This past summer, swaths of bright college students armed with alacrity sauntered into corporate headquarters and satellite offices, hoping to assert themselves in prestigious and difficult internships. For many of us, this time period was nerve wracking and intense. Investment banking summer analysts fought tooth and nail to secure the coveted return offer. Software engineering interns struggled to keep up with the rapid innovations that Silicon Valley dumps onto the market. In other industries, others were similarly bringing what they perceived to be their A-game to the table… only to see their performances barely, if at all, meet the bar. In my case, I started my internship at a challenging firm, one that is known for high burnout rates, and immediately found myself playing ball in an entirely different league.

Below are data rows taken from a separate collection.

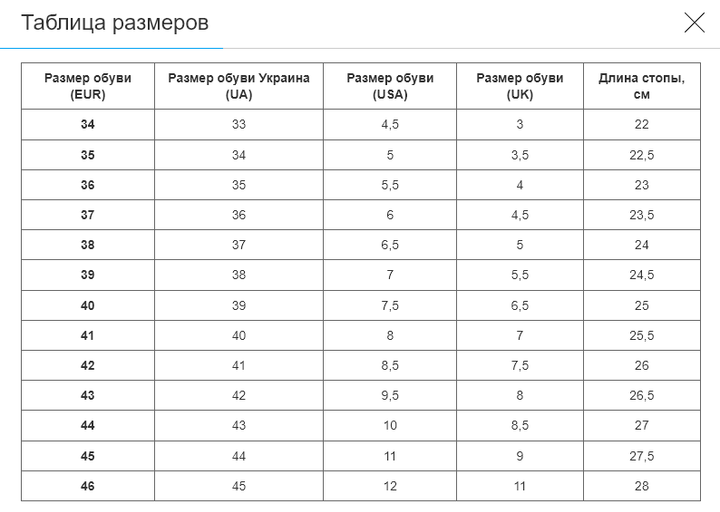 Степи для тхеквондо Health Max (р-р 32, верх-PU, підошва RB, білий-синій) - Фото 6 Степи для тхеквондо Health Max (р-р 32, верх-PU, підошва RB, білий-синій) - зображення 6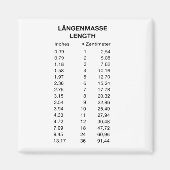 Laengenmasse Length マグネット (正面)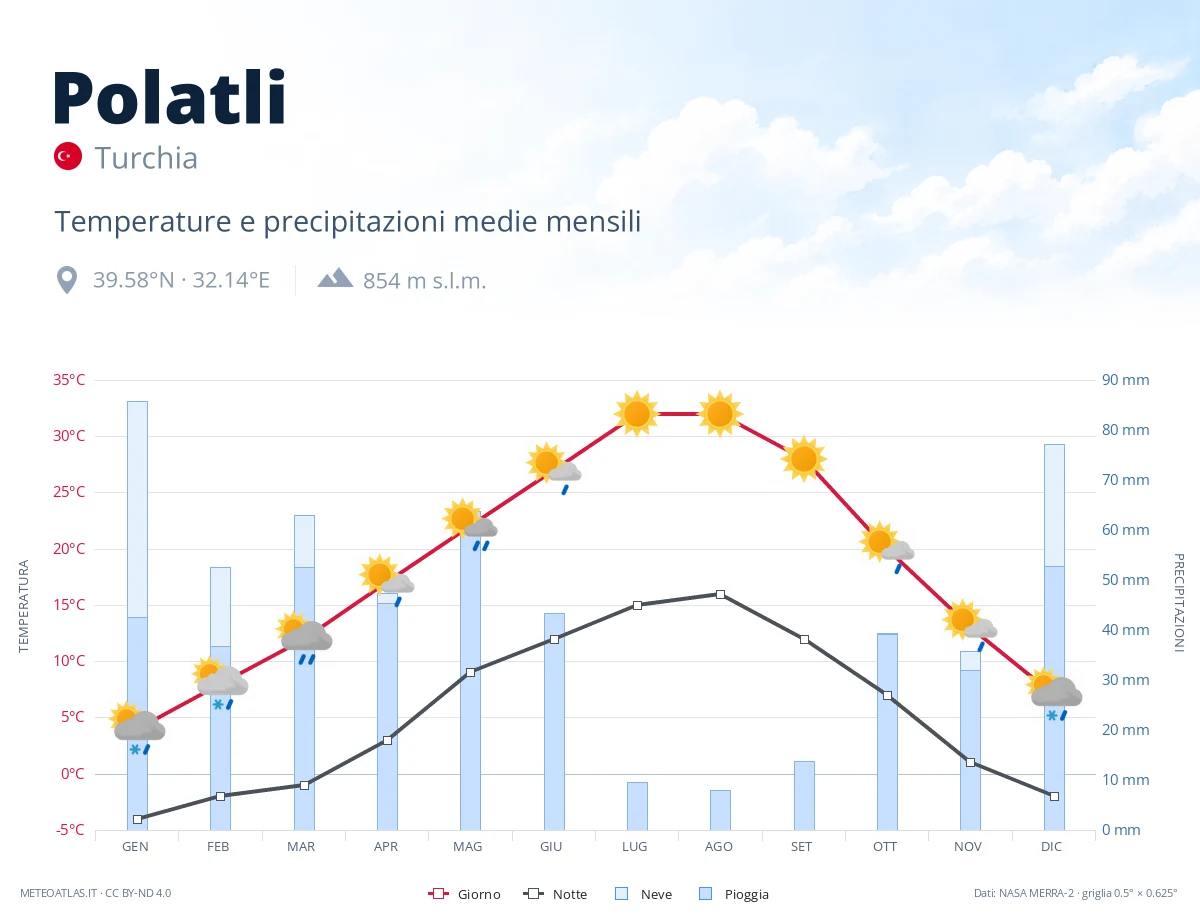 Polatli - temperature e precipitazioni medie mensili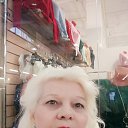 ���� �������, ������ - ��������� 3 ������� 2020 � ������ ���� ����������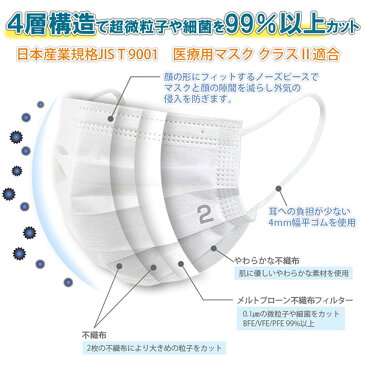 日本製 サージカルマスク 4層 医療用 医療用マスク米国規格 レベル2適合 フリーサイズ100枚 (50枚入×2箱セット) ホワイト マスク サージカルマスク 日本製 使い捨てマスク レベル2 ウィルス 感染対策 BFE VFE PFE 99%以上 つばさ 【送料無料】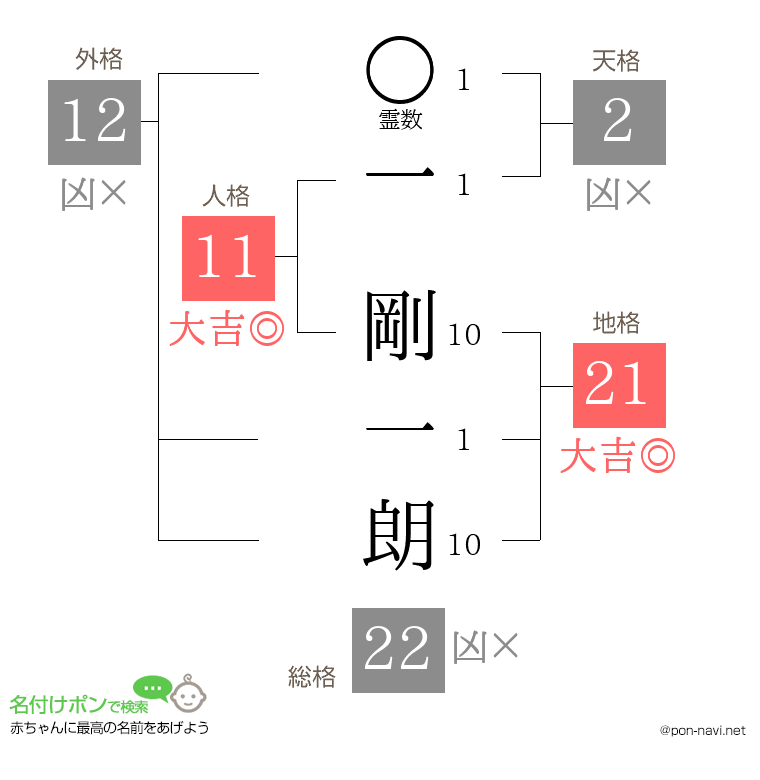 一 剛一朗さんの姓名判断結果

The feeling of professional insecurity is discomforting - it feels wrong, and its presence lingers like the aftermath of a flu. At best, insecurity is trivial. Perhaps you are worried about the contents of your recent networking email. Maybe, you are concerned that the restaurant you chose for your team had too few Michelin stars. These lighthearted issues fade away quickly, as they are easily answerable. In my case, the email to my manager was a bit too winded and he made fun of me for a maximum of a minute. The restaurant I chose was actually a fantastic pick because it was my Engagement Director’s “happy place”. Unsurprisingly, the team stayed for three hours. Fortunately, these anecdotes are manageable. I freaked out a little bit, but took the victory or loss in stride and moved on in seconds. But, when insecurity decides to worm its way out of your subconscious and weave itself into more serious issues, it becomes monstrous. Professionally, you may be asking: Am I contributing value to my company? Am I good enough to be where I am? Do I deserve this? These questions - questions I asked and still ask frequently during my internships, projects, and even extra curricular activities - are tougher to answer. The powerful feelings undergirding said questions are the direct result of a complex web of emotions, thoughts, and interconnected experiences.

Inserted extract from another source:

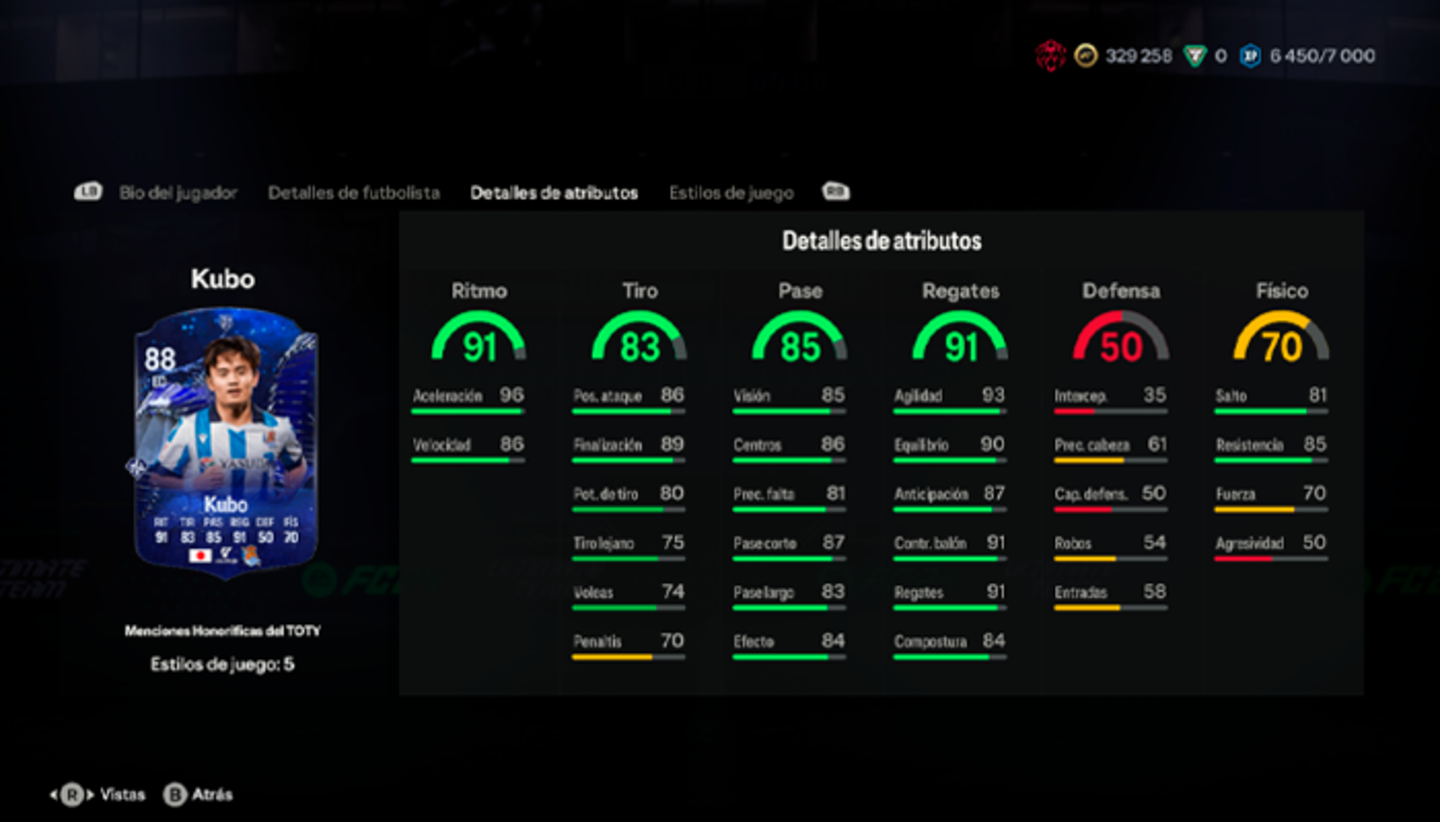 EA Sports FC 24 Ultimate Team: este jugador puede ser muy interesante para evolucionar y se consigue gratis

Yet, despite its surface representation, this complex web of insecurity is critical for achieving success. The impacts are two-fold. First, unpacking and understanding what your web is composed of is necessary in order for you to understand where your shortcomings lie, thus, giving you a chance to formulate specific developmental goals with actionable steps. In my case, I spent hours meditating and then diagramming my thoughts, finally reaching a level of comprehension that let me harness my fears. Second, the output of the web is a great measuring stick for growth. Interpreting the level of insecurity you are at in the context of everything else you do enables you to understand your progress as an individual. People tend to feel comfortable when they stick to what they’re good at and what they know. If you don’t feel uncomfortable with what you’re doing, are you really learning new things? This is a call to action - to operate at your best, harness your insecurities as tools as opposed to drowning in them.
Untangling the web
First and foremost, your insecurities are generally overblown - most people exaggerate their own faults - but many also contain veins of useful truth. As such, an invaluable exercise is to methodically trace your feelings of insecurity back to the source of the problem. The untangling process is much simpler than one might think. As long as you are honest and swallow your pride, the impending self-diagnoses will be speedy and sound. You have to be able to tell yourself, with concrete examples, that you are too arrogant, or maybe too aggressive, or even not detail-oriented enough. If you’ve ever conceded a heated argument, the introspection required for growth feels strikingly similar; it’s like pushing down the lid of a steaming pot.Once in the right mindset, the next step is enabling yourself to deeply reflect on the conflict at hand. While the method of meditation is modifiable, the important takeaway is that you absolutely need to set apart some time to think about yourself and how you fit into your various working environments. Ask yourself difficult questions and arrive at more detailed responses with each iteration. Why do I feel insecure at work? Because everyone seems smarter than I am. Why does everyone seem smarter than I am? Because when I compare my work output to everyone else's work output, my work output seems inferior. Why is my work output inferior? Because my work output lacks proper quantitative analysis (and so forth). Eventually, you will arrive at the main issue. In the example above, the main issue would have been that you were not using enough data to support your work output. From there, you can brainstorm solutions and choose the most feasible and powerful ones to pursue, therefore leading you to iron out a professional flaw. At the end of the process, you walk away with a road map for personal growth.
As a sidenote: if you are having trouble honestly evaluating yourself, it can be useful to have an open feedback conversation with a close friend—this might be just enough to lead you towards a positively self-critical mindset.